- Location of Nebo in Pike County, Illinois.
- Coordinates: 39°26′32″N 90°47′17″W﻿ / ﻿39.44222°N 90.78806°W
- Country: United States
- State: Illinois
- County: Pike

Area
- • Total: 0.44 sq mi (1.14 km^{2})
- • Land: 0.43 sq mi (1.12 km^{2})
- • Water: 0.0077 sq mi (0.02 km^{2})
- Elevation: 482 ft (147 m)

Population (2020)
- • Total: 282
- • Density: 650/sq mi (251.1/km^{2})
- Time zone: UTC-6 (CST)
- • Summer (DST): UTC-5 (CDT)
- ZIP code: 62355
- Area code: 217
- FIPS code: 17-51882
- GNIS feature ID: 2399440

= Nebo, Illinois =

Nebo is a village in southern Pike County, Illinois, United States. As of the 2020 census, Nebo had a population of 282. Nebo has three churches scattered throughout the city limits.
==History==
The first settlement in this area was by Silas Wilson, in 1832. This settlement was made on a piece of land north of the present day town. The first child was born soon after in 1835. The first post office was established in December 1852. The term "Nebo" is mentioned at various times in the Bible, which may be the namesake. In the late 1860s, a railroad was completed across Illinois and the present day town was constructed around it. Articles of incorporation were signed and presented to the Illinois state legislature in the year 1894. In 1899, a fire destroyed the entire business district on Nebo. The famous Vin Fiz Flyer landed north of the town in 1911. A bank was established in 1946. William J. Thornton (1878–1951), Illinois state representative, businessman, and postmaster, lived in Nebo.

==Geography==
Nebo is located in Spring Creek Township.

According to the 2010 census, Nebo has a total area of 0.437 sqmi, of which 0.43 sqmi (or 98.4%) is land and 0.007 sqmi (or 1.6%) is water.

==Demographics==

As of the census of 2000, there were 408 people, 159 households, and 109 families residing in the village.
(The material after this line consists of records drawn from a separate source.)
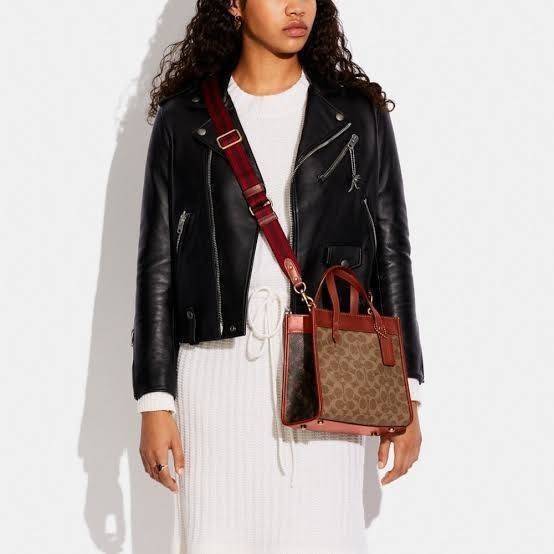 COACH FIELD TOTE 22 WITH HORSE AND CARRIAGE PRINT (C3866)ðāļāļĢāļ°āđāļāđāļēāļāļ·āļ āļāļĢāļ°āđāļāđāļēāļŠāļ°āļāļēāļĒ Unisex āļāļĢāļ TOTE āļŠāļļāļāļŪāļīāļ āļāļĩāđāļŪāļīāļāļāļąāļāļĄāļēāļāļāļąāđāļāļāļēāļĒāđāļĨāļ°āļŦāļāļīāļ// āļ§āļąāļŠāļāļļāļŦāļāļąāļāđāļāļāļ§āļēāļŠāļāļļāļāļ āļēāļ āļāļŠāļĄāļŦāļāļąāļāđāļāđāļāļĒāđāļēāļāļāļĩ āļāļĒāļđāđāļāļĢāļ āļŠāļļāļāļŠāļ§āļĒ āđāļāļāđāļāđāļāļāđāļ§āļĒāļĨāļēāļĒ C Signature āļāļĩāđāđāļāđāļāđāļāļāļĨāļąāļāļĐāļāđ// āļāđāļēāļāđāļāđāļĨāđāļāļāļ§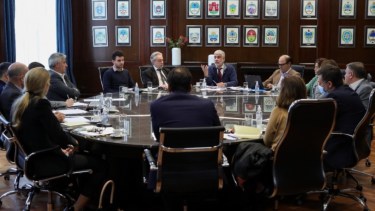 El secretario de Comercio Interior con los productores de alimentos.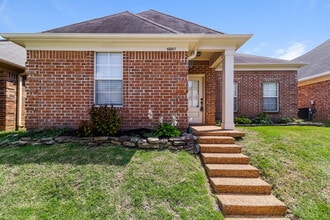 Building Photo - 10247 Morning Hill Dr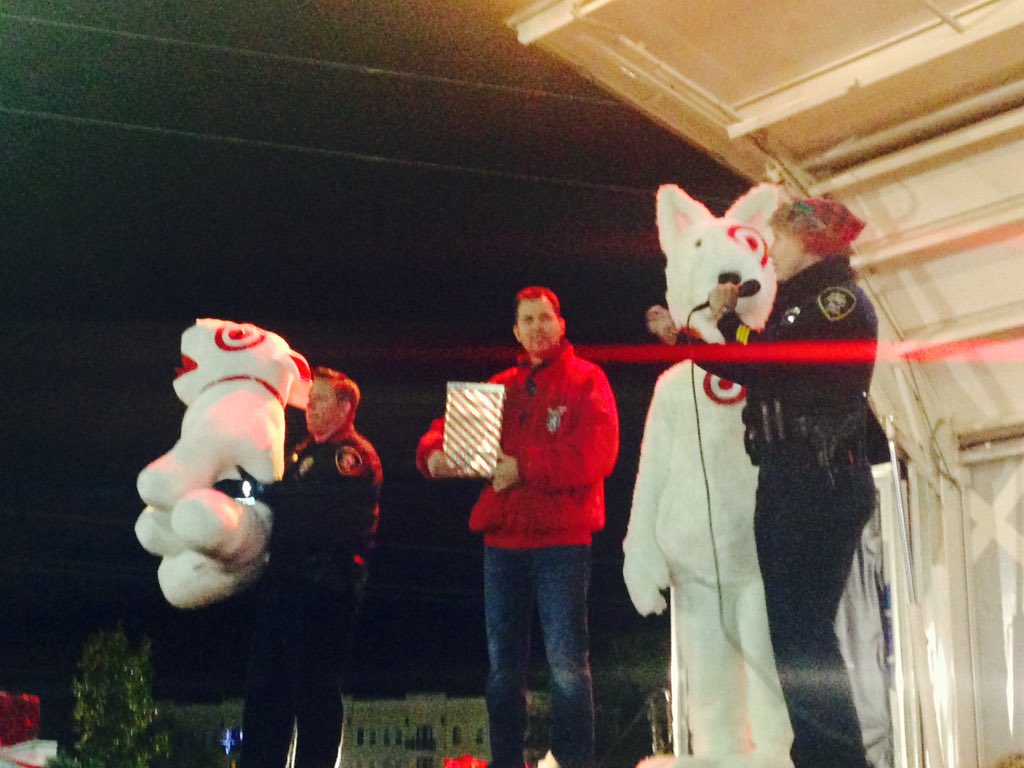GarySmouse's tweet image. Proud to represent Target Corp @CityofNRH Night of Holiday Magic event where Bullseye was a very popular attraction!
The population density was 964.9 PD/sqmi. There were 183 housing units at an average density of 432.8 /sqmi. The racial makeup of the village was 97.79% White, 0.74% Native American, and 1.47% from two or more races. Hispanic or Latino of any race were 1.96% of the population.

There were 159 households, out of which 37.7% had children under the age of 18 living with them, 48.4% were married couples living together, 11.3% had a female householder with no husband present, and 31.4% were non-families. 27.7% of all households were made up of individuals, and 12.6% had someone living alone who was 65 years of age or older. The average household size was 2.57 and the average family size was 3.17.
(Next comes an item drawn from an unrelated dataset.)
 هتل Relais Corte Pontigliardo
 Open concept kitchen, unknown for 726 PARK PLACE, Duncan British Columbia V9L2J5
In the village, the population was spread out, with 30.6% under the age of 18, 8.1% from 18 to 24, 25.2% from 25 to 44, 23.3% from 45 to 64, and 12.7% who were 65 years of age or older. The median age was 35 years. For every 100 females, there were 105.0 males. For every 100 females age 18 and over, there were 103.6 males.
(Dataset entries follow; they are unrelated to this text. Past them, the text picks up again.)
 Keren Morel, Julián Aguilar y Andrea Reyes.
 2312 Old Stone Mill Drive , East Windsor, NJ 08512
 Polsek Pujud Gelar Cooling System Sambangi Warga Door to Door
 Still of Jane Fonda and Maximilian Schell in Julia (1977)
The median income for a household in the village was $29,000, and the median income for a family was $31,125. Males had a median income of $30,795 versus $15,000 for females. The per capita income for the village was $12,468. About 20.5% of families and 20.1% of the population were below the poverty line, including 24.6% of those under age 18 and 12.2% of those age 65 or over.

Historical population
| Census | Pop. | Note | %± |
| 1880 | 136 |  | — |
| 1890 | 453 |  | 233.1% |
| 1900 | 508 |  | 12.1% |
| 1910 | 520 |  | 2.4% |
| 1920 | 549 |  | 5.6% |
| 1930 | 484 |  | −11.8% |
| 1940 | 521 |  | 7.6% |
| 1950 | 413 |  | −20.7% |
| 1960 | 441 |  | 6.8% |
| 1970 | 454 |  | 2.9% |
| 1980 | 487 |  | 7.3% |
| 1990 | 402 |  | −17.5% |
| 2000 | 408 |  | 1.5% |
| 2010 | 340 |  | −16.7% |
| 2020 | 282 |  | −17.1% |
U.S. Decennial Census

==Education==
Nebo is served by Pikeland District 10.

==Festivals==
- Nebo celebrates the landing of the Vin Fiz (the first plane to cross North America in 1911) with a festival every August.